++++ DATASET EXTRACT
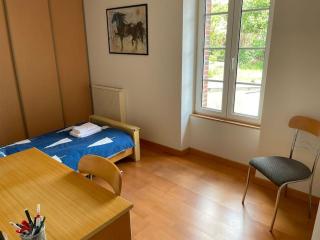 Maison aux volets bleus - 2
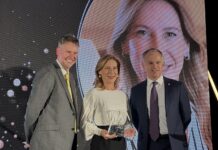 Güliz Öztürk’e Uluslararası Liderlik Ödülü Pegasus Hava Yolları CEO’su Güliz Öztürk’e uluslararası liderlik ödülü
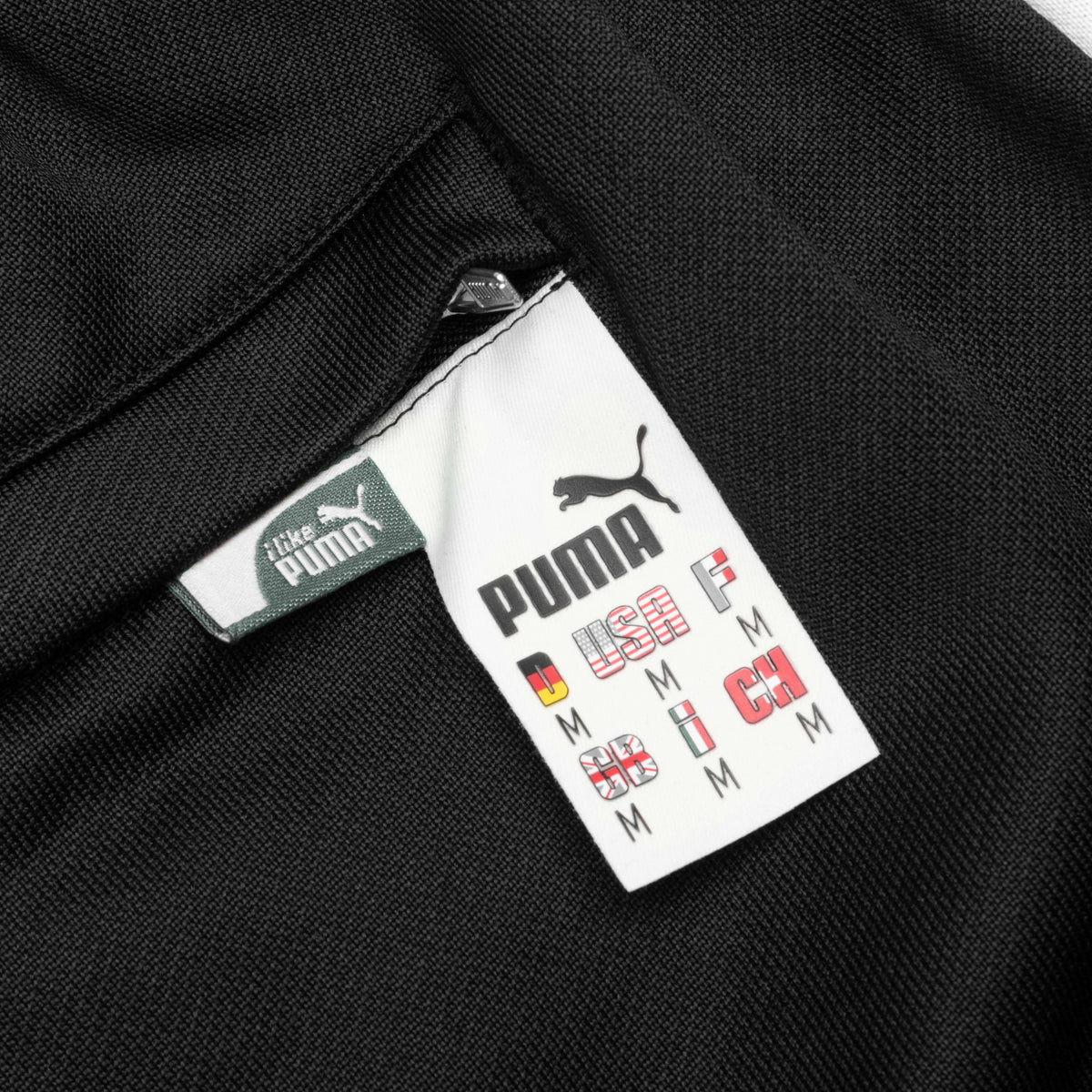T7 Track Pants "The Never Worn" - Black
++++++++
TASK BRIEF — Output the whole of the data, unchanged; keep the pictures out.

FINISHED TASK —
 Maison aux volets bleus - 2
 Güliz Öztürk’e Uluslararası Liderlik Ödülü Pegasus Hava Yolları CEO’su Güliz Öztürk’e uluslararası liderlik ödülü
T7 Track Pants "The Never Worn" - Black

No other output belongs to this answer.